Webster’s Dictionary defines "grassroots" in several ways, including two that are particularly appropriate for this month’s article on racing engines. These two definitions are:
1) "Ordinary citizens, especially as contrasted with the leadership or elite."
2) "The origin or basis of something."
The first definition could easily be interpreted as the local racers compared to the recognizable, highly paid stars of NASCAR, IRL, Champ Car, NHRA or Formula One, while the second definition can be interpreted as nearly any division of racing throughout the country that competes at your local race track. Keep in mind that every star driver on the NASCAR, IRL, or Formula One circuit started as a local racer in another division at some point in his or her career.
And while we are on the subject of NASCAR, IRL and Formula One, keep in mind that these "elite" series represent a very small percentage of racers and racing. However, because of their high profile and popularity, racers and those businesses that cater to racers have seen motorsports popularity increase tremendously.

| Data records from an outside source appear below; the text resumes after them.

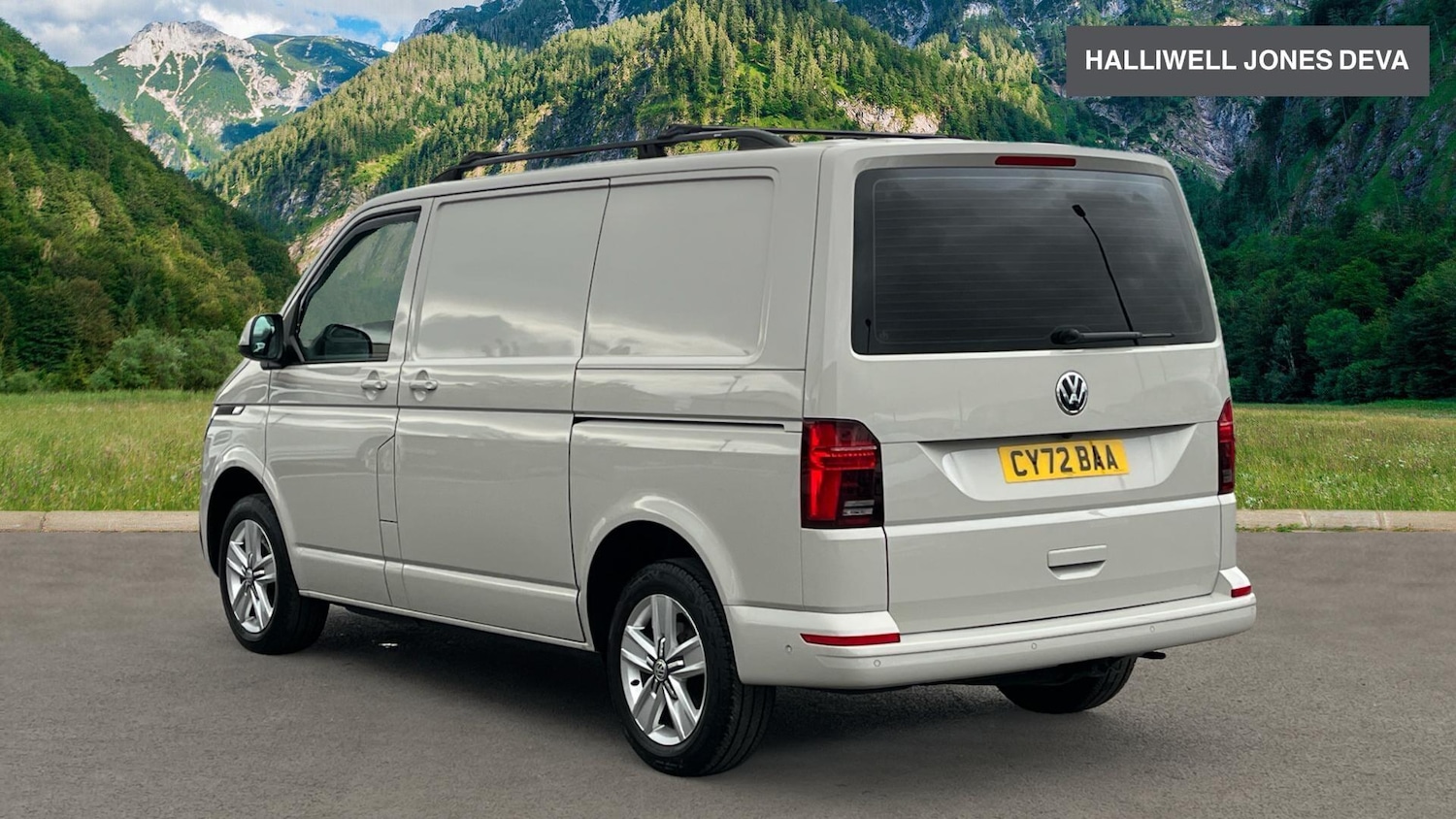 Used Volkswagen Transporter 2022 for sale - 76781510: Photo 2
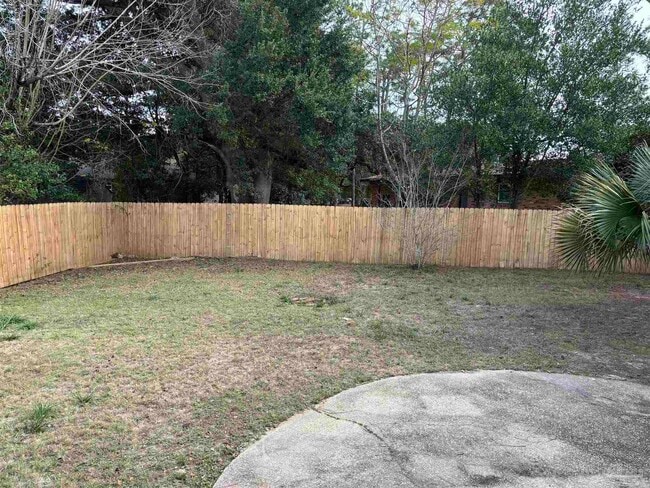 Building Photo - 3600 Forest Glen Dr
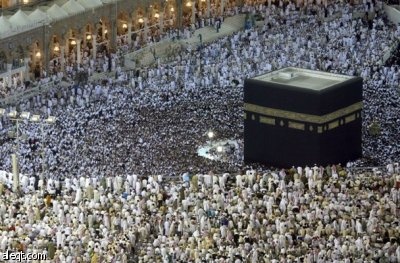 أكثر من مليوني مصل يشهدون ختم القرآن الكريم أثناء صلاة التراويح في المسجد الحرام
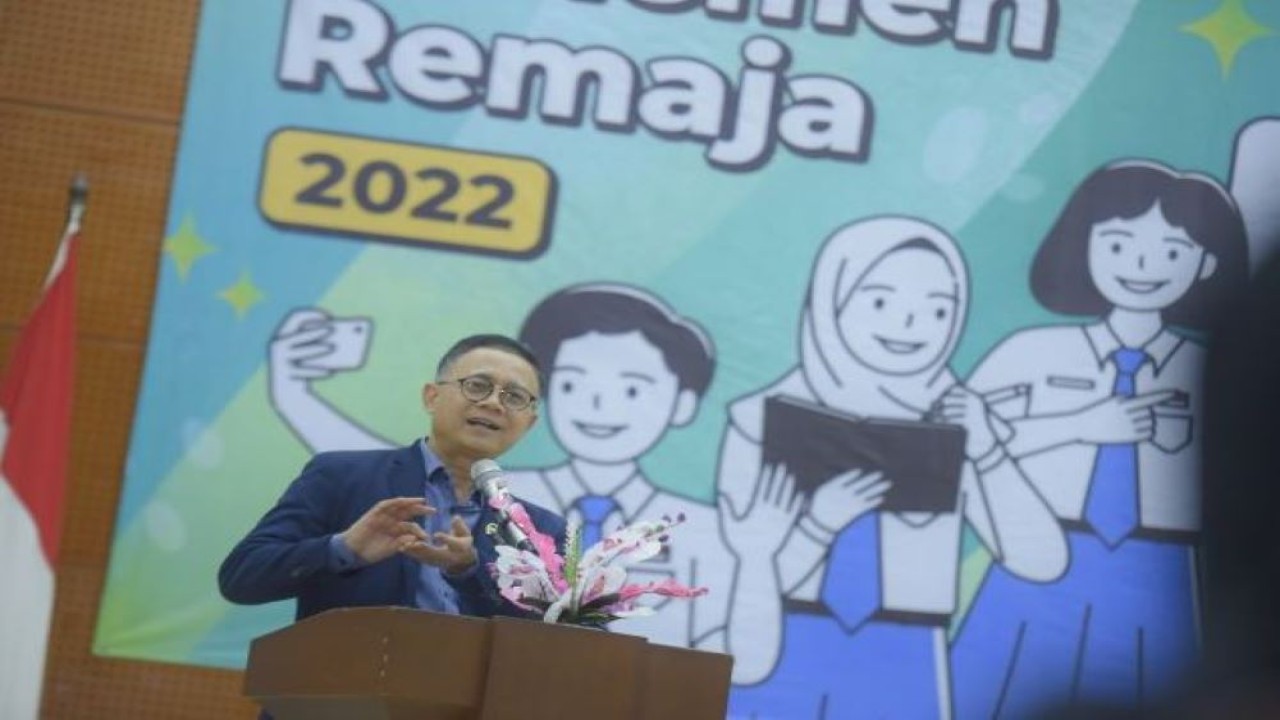 Deputi Administrasi Setjen DPR RI Sumariyadono saat membuka acara Parlemen Remaja 2022 di Ruang Sidang Wisma DPR RI, Bogor, Jawa Barat, Senin (10/10/2022). (Andri)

Some estimates put the number of racers competing on what could be called the grassroots level (essentially everything other than NASCAR NEXTEL CUP, Busch and Craftsman Truck series; IRL and Champ Car World Series; Formula One; and professional levels of NHRA and IHRA drag racing) at more than 451,000. Of course, there are several "traveling" series that may have a few full-time racers but, for the most part, the majority of competitors in these series are not full-time, although many may dream of being the next Dale Earnhardt, John Force, or Sam Hornish.
While circle track and drag racing are by far the two largest segments of racing with around 300,000 competitors split pretty much evenly (drag racing enjoys a slight edge), other segments would include autocross, rally, road racing, off-road, and karting.
The sport compact market has also made inroads into a passion for racing that was once dominated by the American V8s. The appearance of these vehicles has become commonplace at most of the 1,400-plus racetracks across North America. Tracks have found ways to accommodate them, opening whole new markets for performance businesses.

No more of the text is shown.